38. Seven Types of Ambiguity

by Elliot Perlman

When I was in the middle of Seven Types of Ambiguity, this is what I wrote in my commonplace book:

“I suppose I can’t say that this is the single most amazing book I’ve read this year, because I’ve read some pretty amazing books and I’d be hard-pressed to crown just one. But what I can say is that this is the single most unexpectedly amazing book I’ve read this year.”

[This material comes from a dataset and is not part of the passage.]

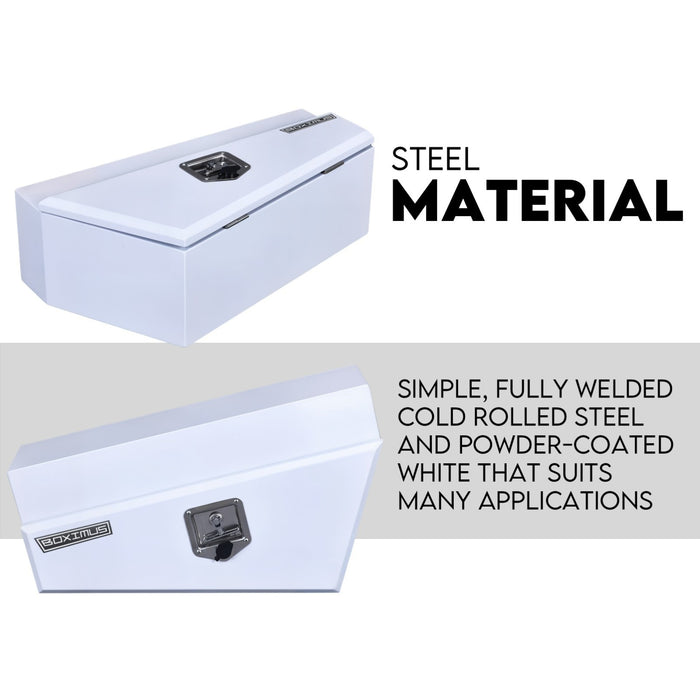Under Tray Tool Box Underbody Pair Set 750mm White Steel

At the time, this was true.

I first heard about this hefty Elliot Perlman tome in Esquire’s “Big Important Book of the Month” column, wherein Tyler Cabot wrote, “Perlman writes with such convincing simplicity – his sentences read like whiskey-fueled confessions – that you can’t help but imagine being locked in a room with his characters, devising a plan to palliate their woes.” (There’s actually a large chunk of this review quoted on the back cover of the paperback.) Rereading that review, I’m not sure what about it sparked my interest in the book, but I stuck in on my reading list and when I found it remaindered at Unabridged, aka The Best Bookstore Ever!, I picked it up. I didn’t start it until later when I was sitting on an Amtrak train, coming back to Chicago from Michigan. I was completely engrossed for those four and a half hours. When I wrote those words in my book, several hundred pages later, I meant them.

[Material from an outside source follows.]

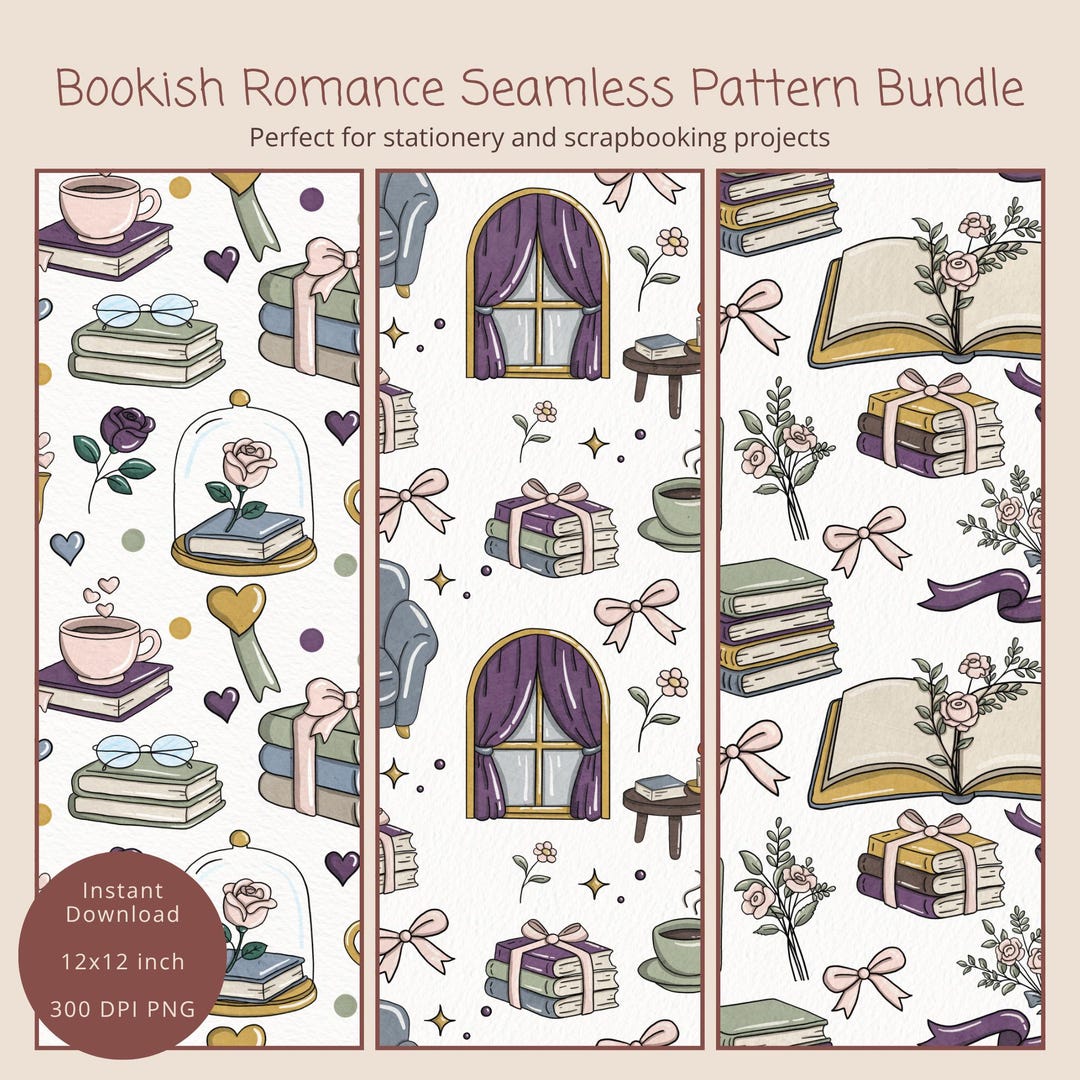 Bookish Romance Seamless Pattern Bundle, PNG, Digital Paper ...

The story centers around one pivotal moment and the sweeping affect it has through seven lives. That moment is when Simon Heywood, our central character, picks up the child of his college girlfriend from his school, without her permission. The cops bust into his apartment and he’s taken away to jail, even though the son was not harmed in any way. That’s just the moment. What made me use the word “amazing” was the way the story went back in time and forward through the future and spanned different personalities and viewpoints to become this sweeping, massive work that can only appropriately be described as Literature. Seriously. I think we may be reading this one decades from now.

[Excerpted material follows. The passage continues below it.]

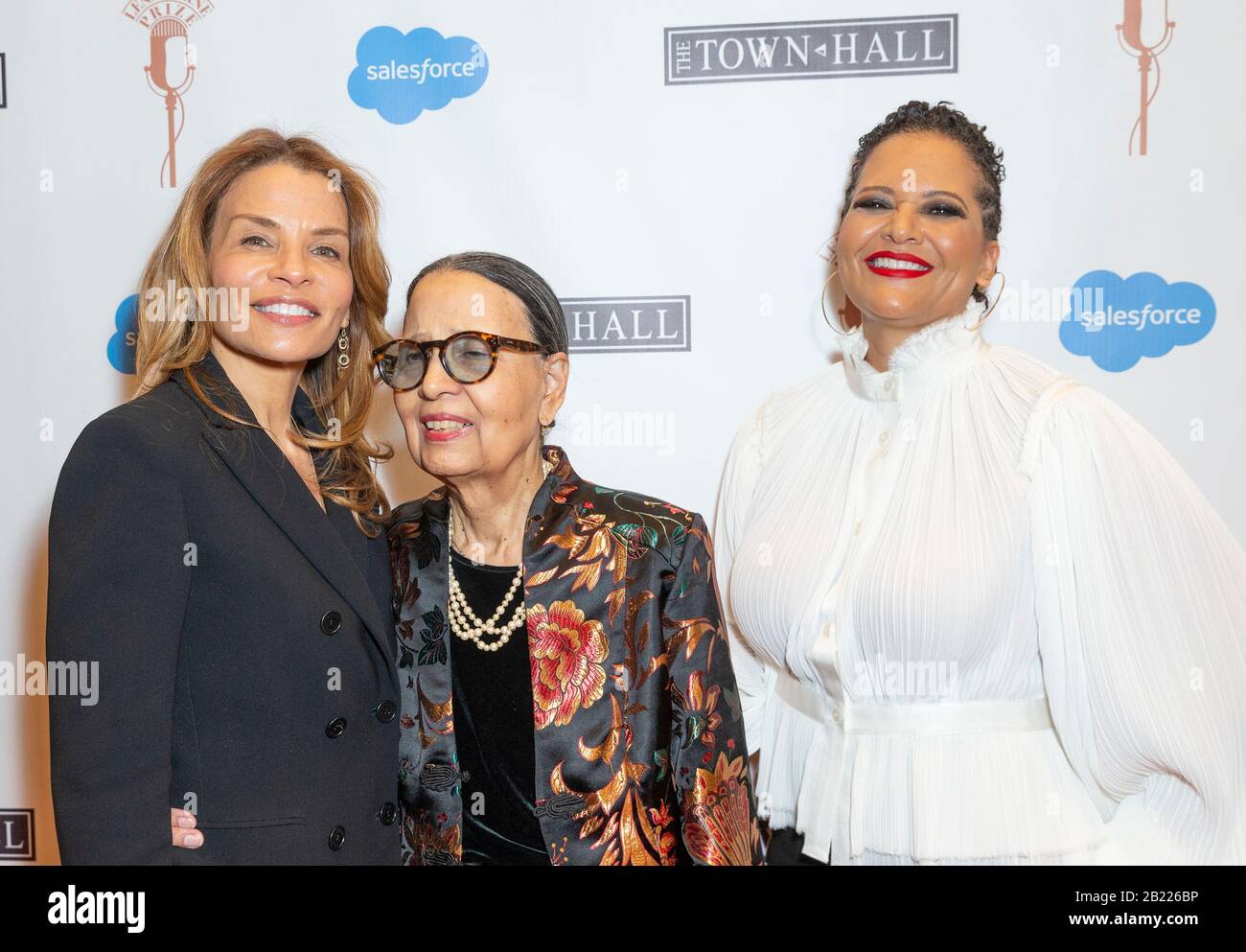 New York, NY - February 28, 2020: Jenny Lumet, Gail Lumet Buckley and Christina Jones attend The Lena Horne Prize for Artists Creating Social Impact inaugural celebration at The Town Hall Stock Photo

This is the way you write a story from seven different viewpoints, I thought. (Andrew Winston, that was directed at YOU.) Perlman doesn’t just give us snippets of these seven different thoughts, he actually spends time in these characters’ minds and gives us intricately fleshed out accounts of their lives. What’s most surprising is that you’re never quite sure who your narrator is going to be next. As the book opens it’s Dr. Alex Klima, the psychiatrist Simon’s father hires to treat him but who ends up far more embedded in Simon’s trials than professionally, or even personally, advisable. Perlman turns next to Joe Geraghty, father to the boy Simon takes and husband to woman for whom Simon pines. I won’t tell you who else takes a turn at narrator, because half the fun was wondering whose side of the story I was going to get next, but it was an ingenious way to keep the story alive and it drove home the point that there’s more than one side to everything. Because Perlman is a truly great writer, this usually tricky device works and it works well.

Then I came to the end. Sandra at Book World remarked that any regular reader would have seen this end coming, but I didn’t. I didn’t see it coming because it was the most predictable, neat, tied up ending there possibly could have been and I didn’t want the book to end this way. Happily. Not that it’s entirely happy, as our final narrator has much pent up anger and resentment for a father that forwent his family for an obsession, but it’s far more happy than I wanted and I was truly disappointed at this. I, otherwise, loved the book so much that I actually tried to construe the ending to convince myself Perlman was trying to tell us that the characters were far more screwed up than we even knew, but I think I was going out on a limb there. I think, maybe, they were just supposed to be happy. Unfortunately, I just don’t buy it.

In my commonplace book I also wrote down the phrase, “I believe that you can’t choose your favorite books. They choose you.” I do believe that, because when I first read the books that are now my favorites I didn’t know that one day they would be. I loved Seven Types of Ambiguity, right up until the end, but maybe it can’t be a favorite. Not right away. I do know that even though I didn’t love the end, I’ll read this again some day and we’ll see where it falls on the scale of favorites then.